Credit firms' status revoked

IRS says 41 debt counselors will lose tax-exempt standing

May 16, 2006|By EILEEN AMBROSE | EILEEN AMBROSE,SUN REPORTER

The Internal Revenue Service said yesterday that it has revoked or plans to repeal the tax-exempt status of every one of the 41 credit counselors it has audited, saying the nonprofits were largely motivated by profit and failed to provide adequate counseling to debt-laden consumers.

Additionally, IRS Commissioner Mark W. Everson said his agency has "criminal investigations under way" of credit counselors, but he would not comment further on the probes.

The 41 credit counselors earned more than 40 percent of the industry's $1 billion in annual revenues, Everson said in a telephone conference yesterday. The names of agencies whose tax-exempt status has been revoked will be posted on the IRS Web site once the groups exhaust their appeals or challenges in tax court, Everson said. So far, about a half-dozen names have been posted.

The IRS began auditing credit counselors more than two years ago after an outcry by consumers, their advocates and Congress about abuses in the industry that often left debtors in worse financial shape.

Some credit counselors - including Maryland-based AmeriDebt Inc. - were accused of pushing consumers into debt repayment plans that charged high, often poorly disclosed fees. Critics complained that the IRS liberally granted tax-exempt status, which lulled consumers into believing the groups were government-approved.

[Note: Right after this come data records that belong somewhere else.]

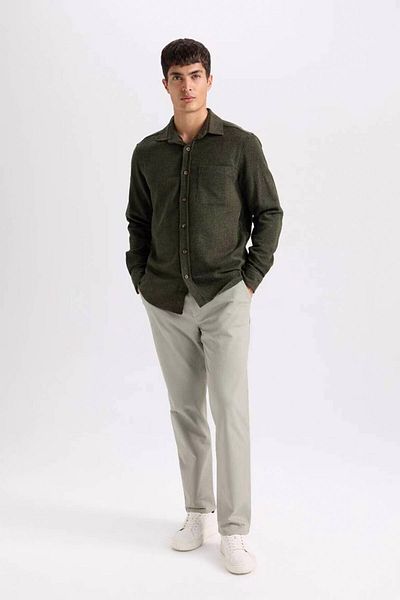 DeFacto Ανδρικό παντελόνι Regular Fit Regular Cut Light Khaki D7349ax/kh475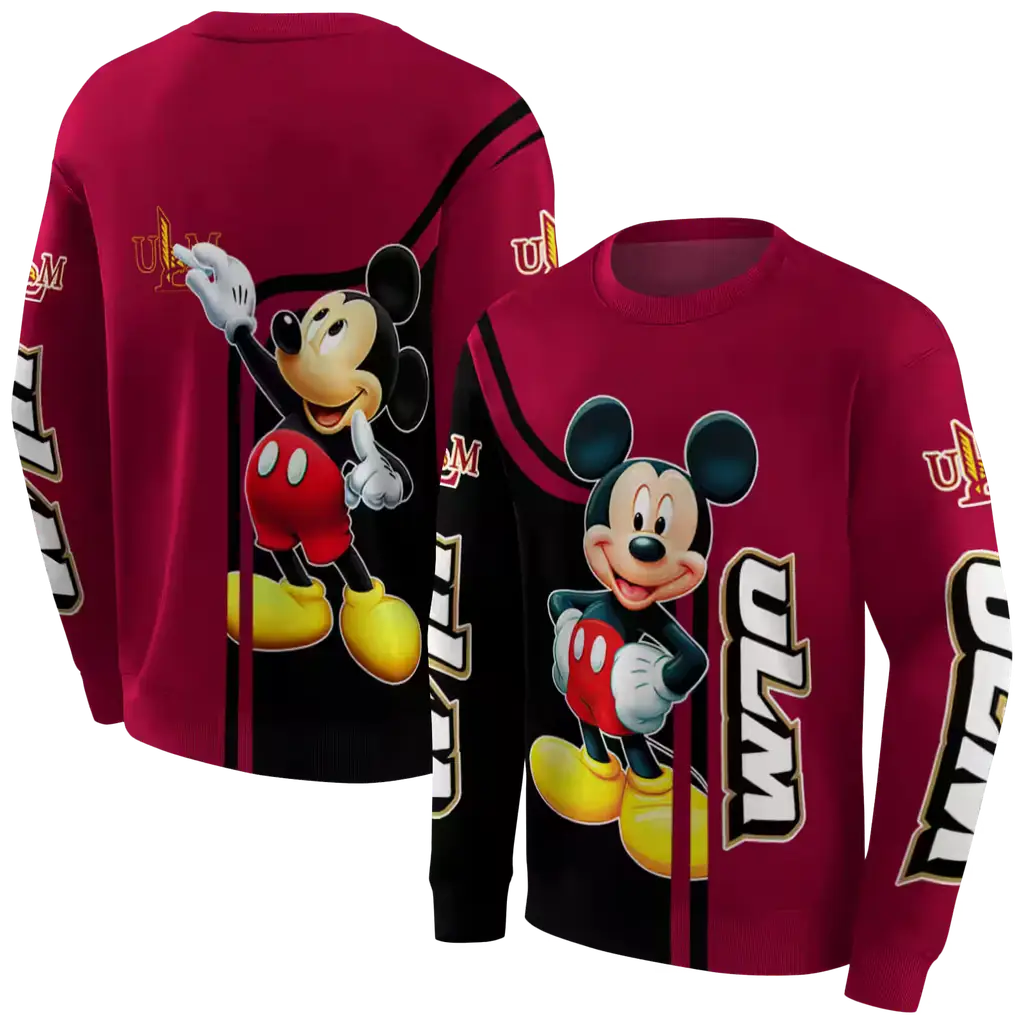louisiana monroe warhawks mickey mouse red black hoodie premium grade louisiana monroe warhawks mickey mouse red black hoodie premium grade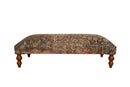 Antique Persian Kerman Rug Ottoman Coffee Table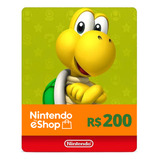 Gift Card Nintendo Switch 3ds Wii Eshop Brasil R$ 200 Reais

The need to clean up the industry became even more critical with the passage of the new law last year that requires debtors to undergo credit counseling from a nonprofit before they can file for bankruptcy. Officials said there is an adequate supply of pre-bankruptcy counselors. The U.S. Trustee Program has approved about 150 nonprofits nationwide for pre-bankruptcy counseling.

Credit counselors that have indicated they were subject to an audit have waived privacy rights allowing the IRS to share their tax information with the trustee program, said spokeswoman Jane Limprecht.

The IRS continues to audit 22 other credit counselors, Everson said. It also is sending compliance inquiries to the 740 remaining tax-exempt counseling agencies that might result in more audits, he said.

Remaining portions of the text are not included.